EXERCISE DESCRIPTION:
All of the data should be given again word for word, though the images are to be left out.
*** Opening PROVIDED DATA ***
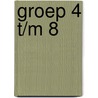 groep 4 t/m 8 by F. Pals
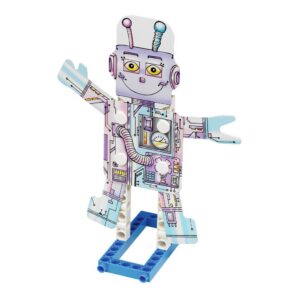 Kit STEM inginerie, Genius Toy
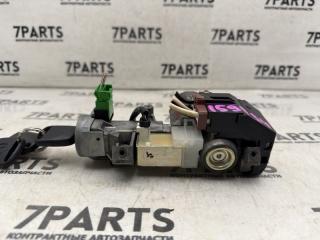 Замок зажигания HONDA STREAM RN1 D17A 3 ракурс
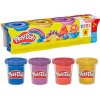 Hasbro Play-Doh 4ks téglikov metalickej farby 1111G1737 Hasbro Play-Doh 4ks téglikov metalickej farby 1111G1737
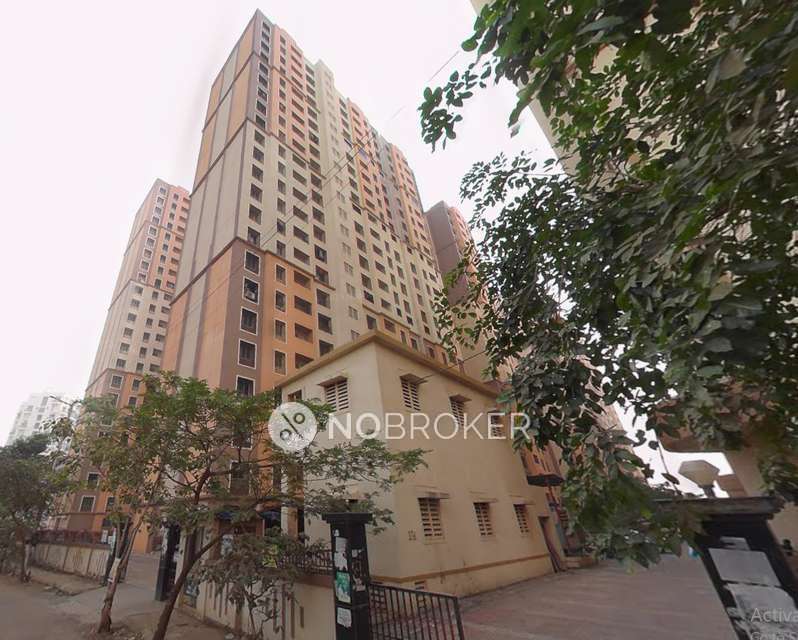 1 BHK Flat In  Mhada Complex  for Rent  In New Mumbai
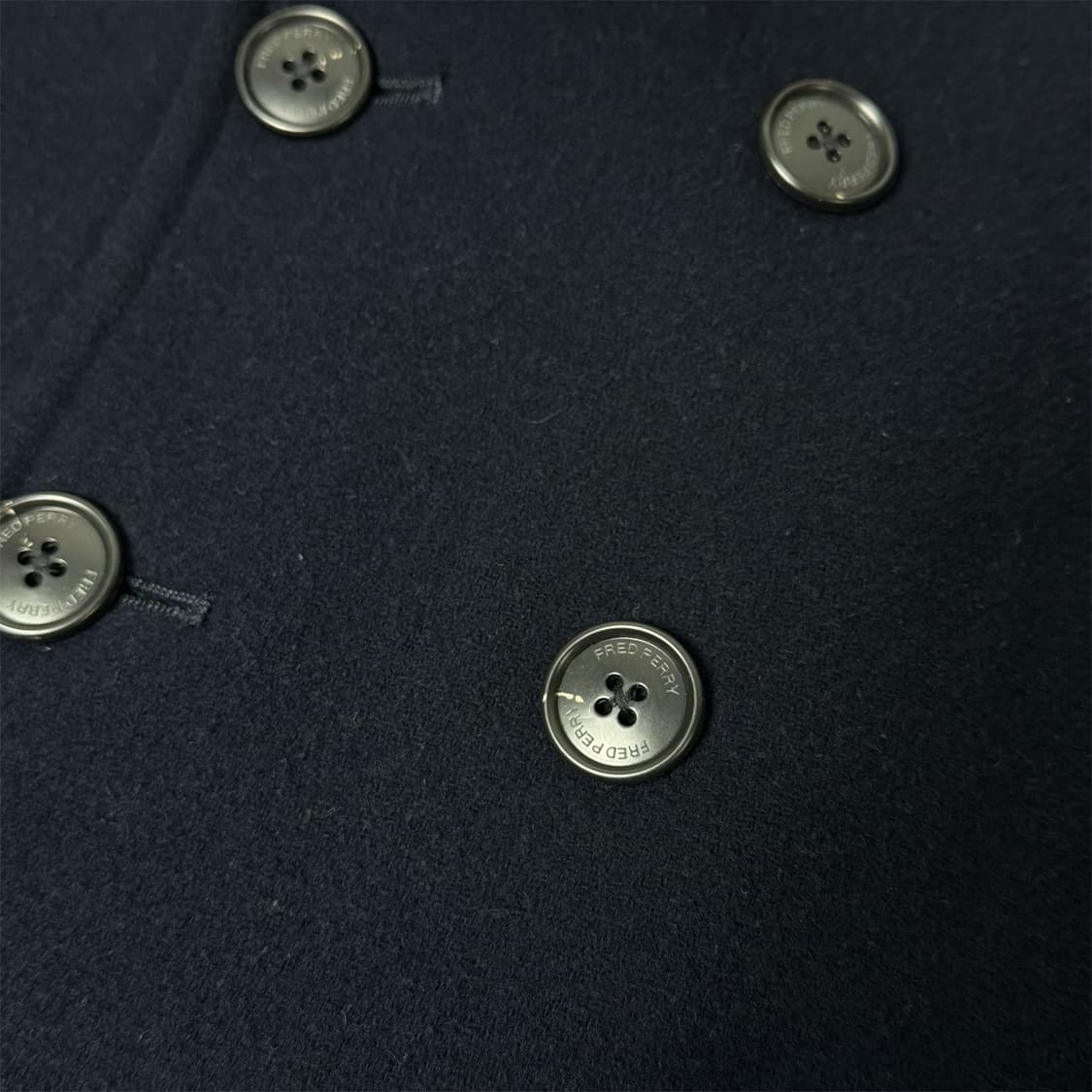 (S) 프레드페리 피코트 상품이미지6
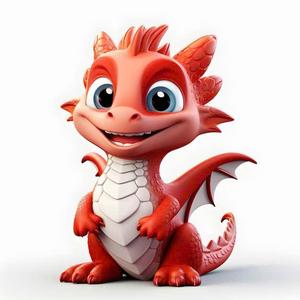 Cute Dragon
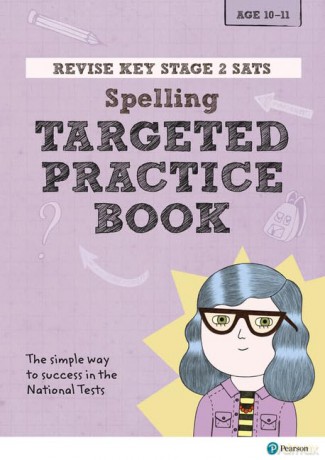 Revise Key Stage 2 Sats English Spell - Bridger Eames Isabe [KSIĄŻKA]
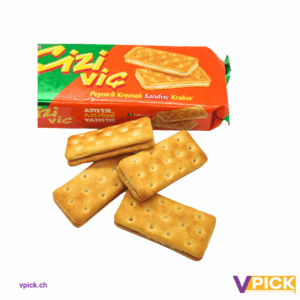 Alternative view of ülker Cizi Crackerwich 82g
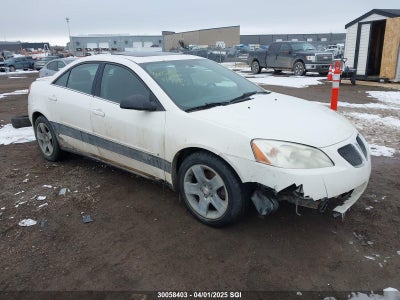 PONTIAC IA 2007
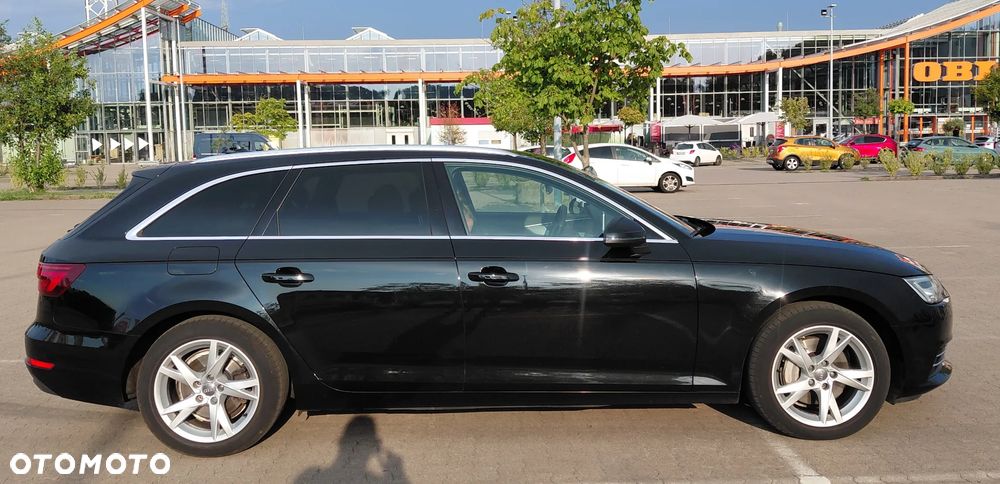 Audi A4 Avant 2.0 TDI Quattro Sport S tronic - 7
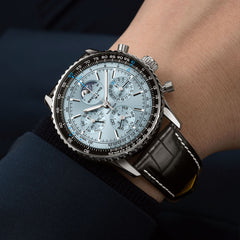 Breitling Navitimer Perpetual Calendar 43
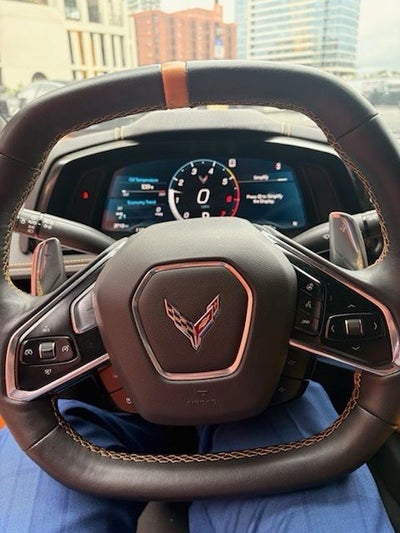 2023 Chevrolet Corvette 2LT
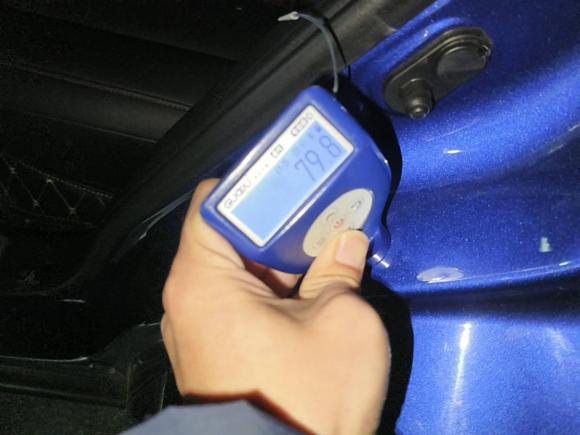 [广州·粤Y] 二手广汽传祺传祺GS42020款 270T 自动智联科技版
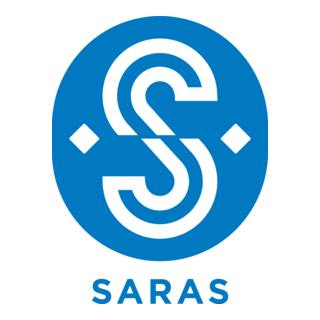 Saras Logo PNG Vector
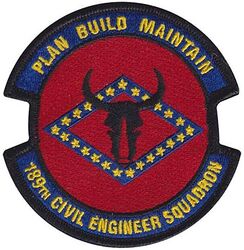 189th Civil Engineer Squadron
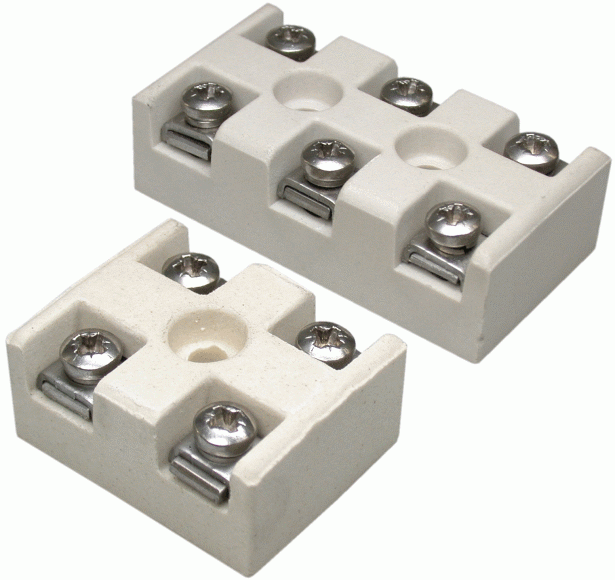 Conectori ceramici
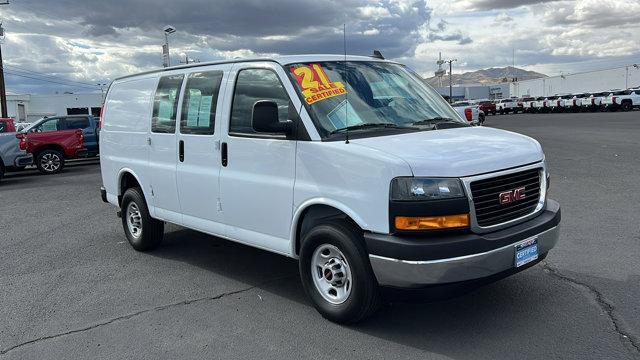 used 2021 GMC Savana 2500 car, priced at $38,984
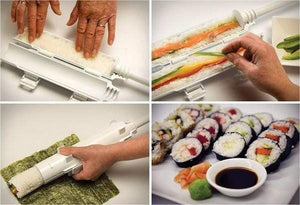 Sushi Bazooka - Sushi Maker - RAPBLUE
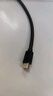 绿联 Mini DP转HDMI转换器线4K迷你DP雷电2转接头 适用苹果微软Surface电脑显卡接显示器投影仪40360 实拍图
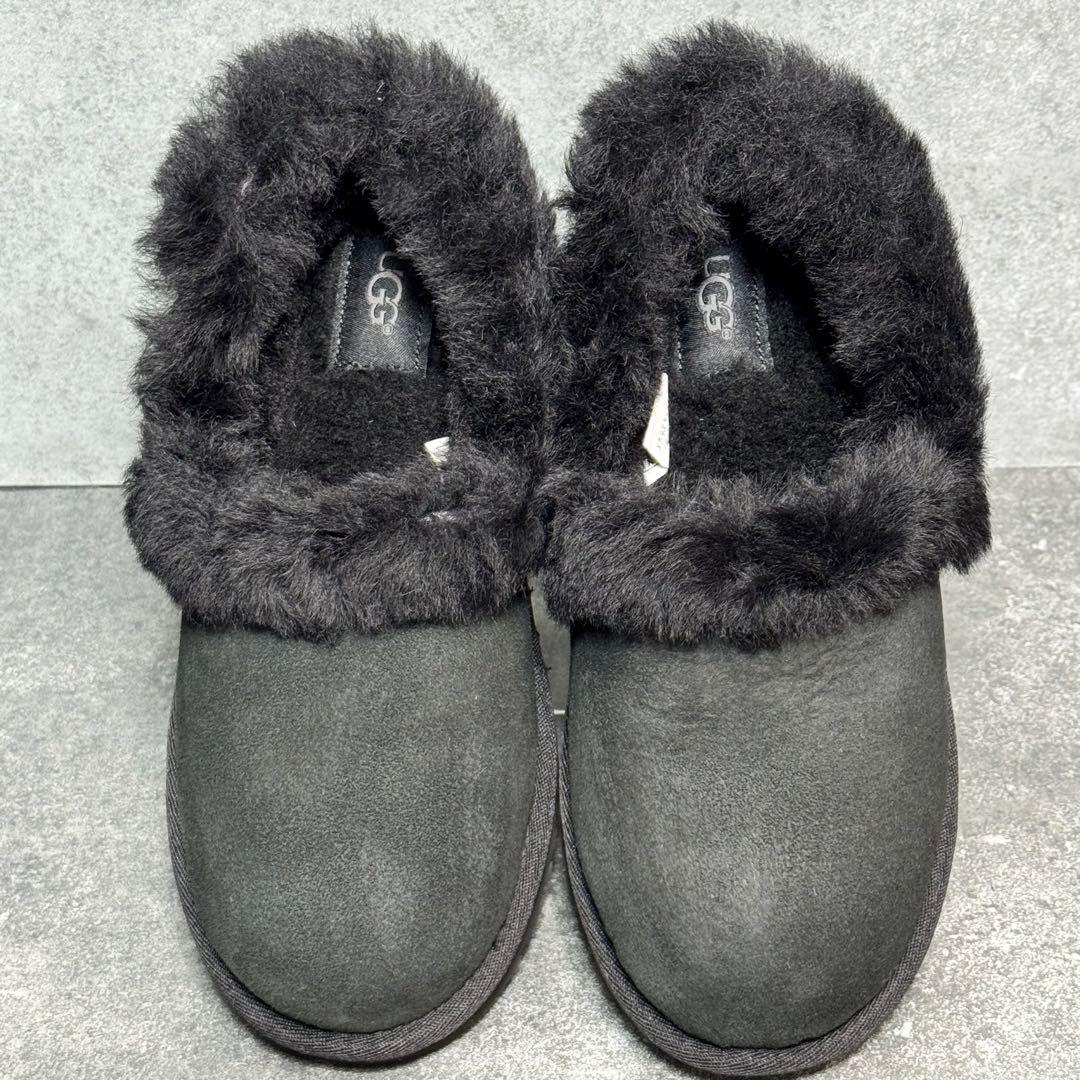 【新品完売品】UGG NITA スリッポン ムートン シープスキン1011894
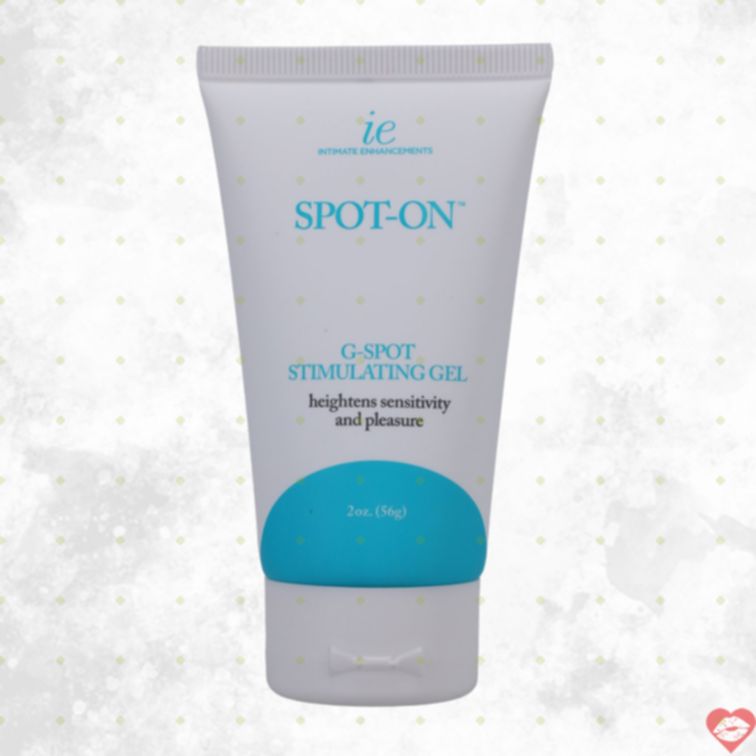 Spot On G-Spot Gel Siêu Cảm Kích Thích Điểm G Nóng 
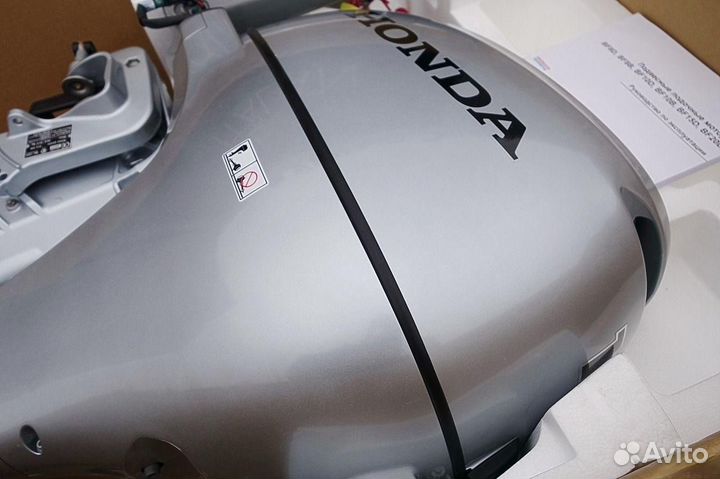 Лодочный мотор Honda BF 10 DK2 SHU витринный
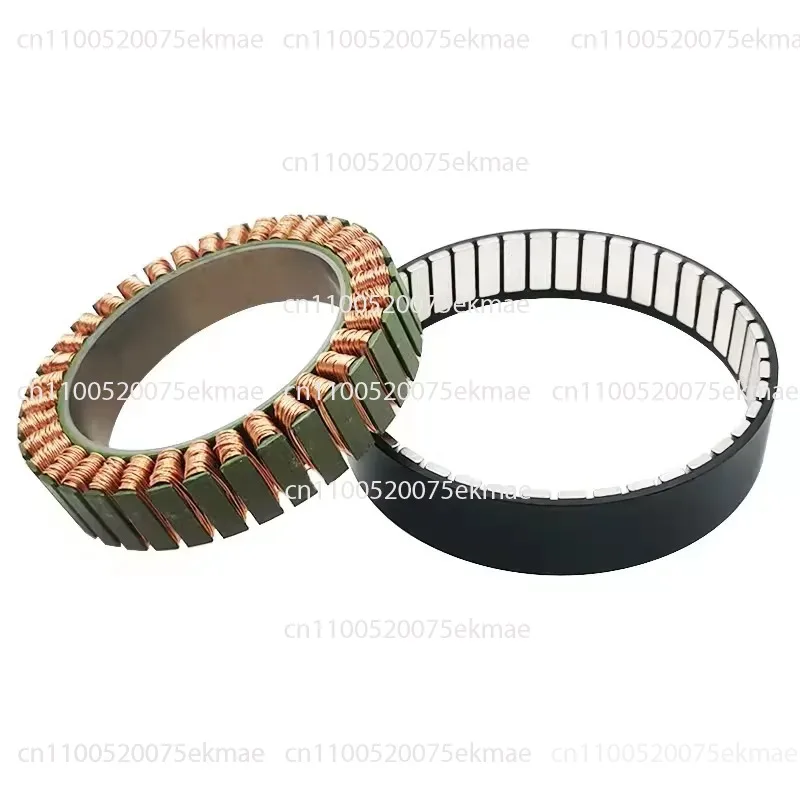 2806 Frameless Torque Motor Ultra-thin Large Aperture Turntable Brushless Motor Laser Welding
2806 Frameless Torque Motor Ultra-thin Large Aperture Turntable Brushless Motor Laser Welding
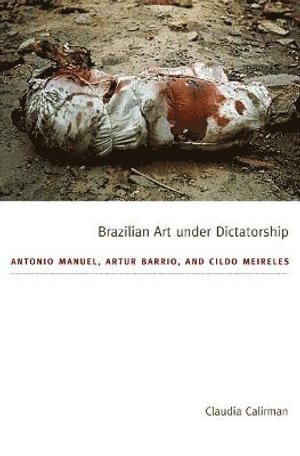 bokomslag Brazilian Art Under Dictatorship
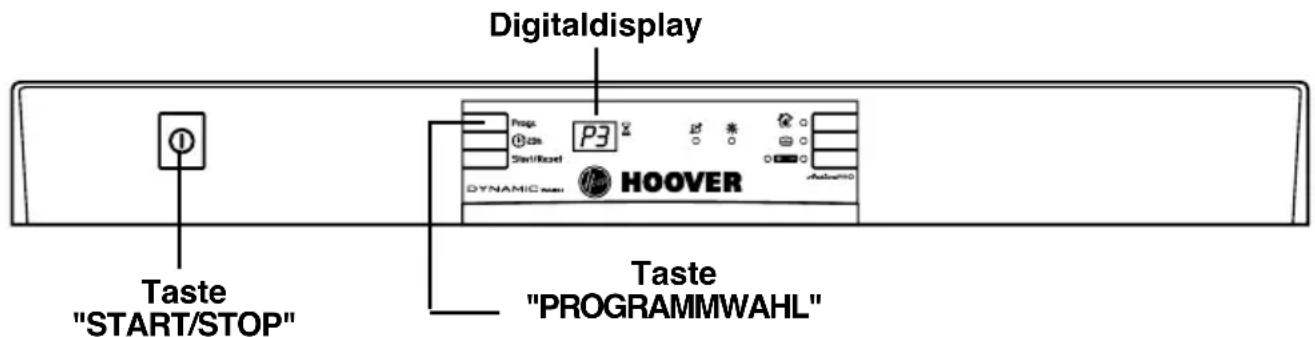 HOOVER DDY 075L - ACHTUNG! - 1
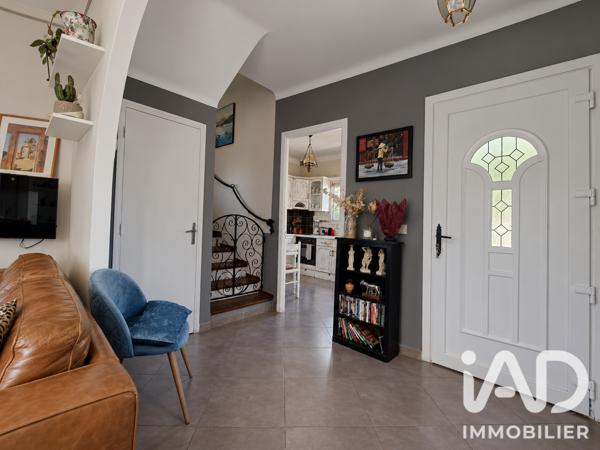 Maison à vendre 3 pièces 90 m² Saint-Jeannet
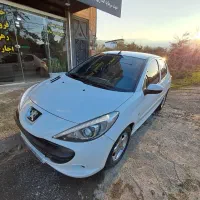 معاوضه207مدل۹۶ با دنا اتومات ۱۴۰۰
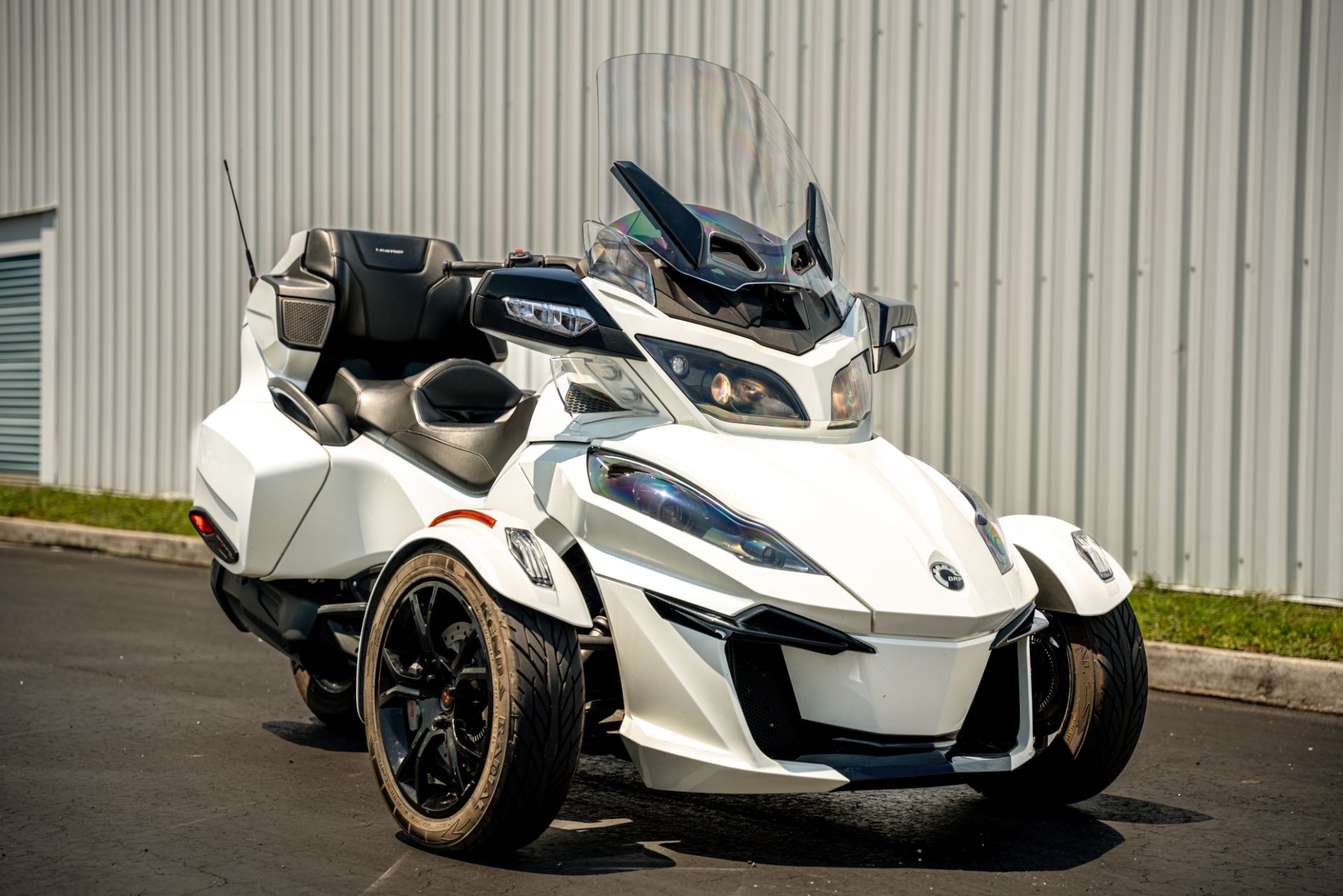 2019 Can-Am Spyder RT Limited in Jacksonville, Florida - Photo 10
*** Closing PROVIDED DATA ***
TASK OUTPUT:
 groep 4 t/m 8 by F. Pals
 Kit STEM inginerie, Genius Toy
 Замок зажигания HONDA STREAM RN1 D17A 3 ракурс
 Hasbro Play-Doh 4ks téglikov metalickej farby 1111G1737 Hasbro Play-Doh 4ks téglikov metalickej farby 1111G1737
 1 BHK Flat In  Mhada Complex  for Rent  In New Mumbai
 (S) 프레드페리 피코트 상품이미지6
 Cute Dragon
 Revise Key Stage 2 Sats English Spell - Bridger Eames Isabe [KSIĄŻKA]
 Alternative view of ülker Cizi Crackerwich 82g
 PONTIAC IA 2007
 Audi A4 Avant 2.0 TDI Quattro Sport S tronic - 7
 Breitling Navitimer Perpetual Calendar 43
 2023 Chevrolet Corvette 2LT
 [广州·粤Y] 二手广汽传祺传祺GS42020款 270T 自动智联科技版
 Saras Logo PNG Vector
 189th Civil Engineer Squadron
 Conectori ceramici
 used 2021 GMC Savana 2500 car, priced at $38,984
 Sushi Bazooka - Sushi Maker - RAPBLUE
 绿联 Mini DP转HDMI转换器线4K迷你DP雷电2转接头 适用苹果微软Surface电脑显卡接显示器投影仪40360 实拍图
 【新品完売品】UGG NITA スリッポン ムートン シープスキン1011894
 Spot On G-Spot Gel Siêu Cảm Kích Thích Điểm G Nóng 
 Лодочный мотор Honda BF 10 DK2 SHU витринный
 2806 Frameless Torque Motor Ultra-thin Large Aperture Turntable Brushless Motor Laser Welding
2806 Frameless Torque Motor Ultra-thin Large Aperture Turntable Brushless Motor Laser Welding
 bokomslag Brazilian Art Under Dictatorship
 HOOVER DDY 075L - ACHTUNG! - 1
 Maison à vendre 3 pièces 90 m² Saint-Jeannet
 معاوضه207مدل۹۶ با دنا اتومات ۱۴۰۰
 2019 Can-Am Spyder RT Limited in Jacksonville, Florida - Photo 10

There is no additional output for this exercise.